25 September 2005

Po'pay Takes His Place In U.S. Capitol...

Most people do not realize that Po'pay was the first American Revolutionary...


Pueblo Leader's Statue Installed At U.S. Capitol
September 23, 2005

WASHINGTON (AP) - The statue of a pueblo leader who led a revolt against the Spanish in 1680 that changed the way the settlers treated Indians has become the 100th and final work added to the U.S. Capitol National Statuary Hall.

In a ceremony that blended patriotic music and politics with tribal dancing and prayer, New Mexico's congressional delegation dedicated the statue of Po'pay on Thursday, calling him the leader of "the first American revolution."
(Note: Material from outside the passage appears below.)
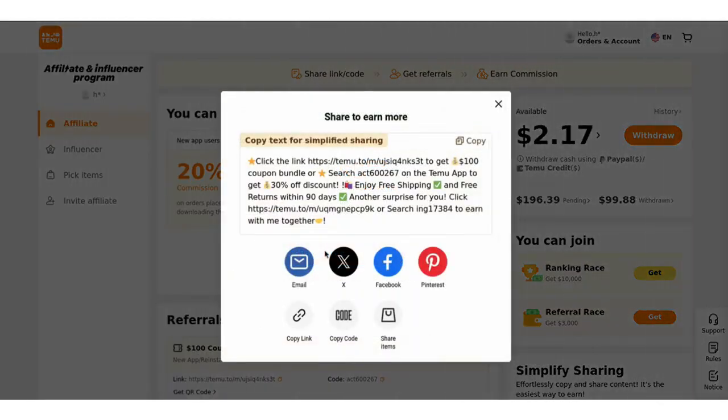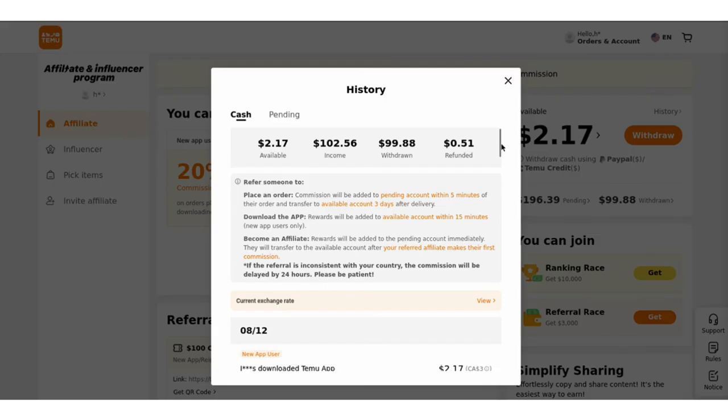Step 4 will include sharing your affiliate links wherever your audience hangs out — Facebook, Instagram, TikTok, YouTube, or even through your email list. Use catchy calls-to-action to get people excited about downloading the app and making purchases.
"Those early days were hard, and like it or not, often very brutal," Sen. Pete Domenici, R-N.M., said. "The Po'pay-led insurrection against the Spanish conquerors was at its core a basic human and American need to challenge oppressors. This statue represents not only the history of a single man but a legacy that helped ensure the survival of Pueblo and American Indian culture in New Mexico."

The statue, by Jemez Pueblo sculptor Cliff Fragua, was formally accepted by House and Senate leaders at the dedication. Although it is not the first statute of an American Indian _ others include Sakakawea and Cherokee leader Sequoyah _ it is the first by a native artist.

Each state was given a chance to dedicate two statues to stand in the National Statuary Hall. Po'pay's is the last added to the collection. New Mexico's other statue, of the late Sen. Dennis Chavez, was installed in 1966.

In 1675, Po'pay _ sometimes spelled Pope _ was one of 47 religious leaders imprisoned, hanged and tortured by the Spanish. Po'pay survived, and in 1680, joined other pueblo leaders in a bloody rebellion that drove the Spanish from the area for 12 years.

When they returned, the Spanish changed their approach to the Indians, who were mostly able to keep their religion, land and languages.

Po'pay was chosen for New Mexico's second statue by state lawmakers after a bitter debate. Critics argued he was a radical, a dictator and a murderer.

But Thursday, there was no hint of the controversy.

"The legacy of Po'pay is still with us today and is part of what makes New Mexico so different and so special," said Rep. Heather Wilson, R-N.M. "We enjoy a blending of cultures respectful of each other unlike anywhere else in America."

The 7-foot-tall statue of Po'pay _ Tewa for "Ripe Pumpkin" _ shows the religious leader wearing a cloak draped over his bare chest and holding a knotted rope by which the pueblo rebels counted the days until their revolt.

His eyes look forward with an almost wistful expression.

The ceremony was held in the Capitol Rotunda, a round room lined with a frieze and murals depicting the Europeans landing in America and the founding of the United States. Po'pay's statue was unveiled next to "The Landing of Columbus."

Sen. Dick Durbin, D-Ill., noted that the last depiction of American Indians in the room shows them being conquered by settlers.

"Too often that is the way they were treated in history," he said. But Po'pay's statue is a "symbol of the desire of all people everywhere to live in freedom," he said.

Indian leaders said the statue was an "overdue addition" to the hall.

"I am hopeful it will be instrumental in reminding everyone who visits here that Native Americans had a tremendous influence in shaping this country," said Jackie Johnson, National Congress of American Indians executive director.

Dozens of members of New Mexico pueblos attended the dedication. It closed with a ceremonial "Winter Buffalo Dance." Three dancers _ two in buffalo headgear decorated with feathers _ offered blessings and thanks in time to a drumbeat.

Eveli Abeyta, 16, and Naomi Cata, 17, left the ceremony proud of their pueblo heritage symbolized by Po'pay.

"Our strong beliefs and traditions and languages have brought us a long way," said Abeyta of the Santo Domingo Pueblo. "They have brightened the world and shown who we truly are."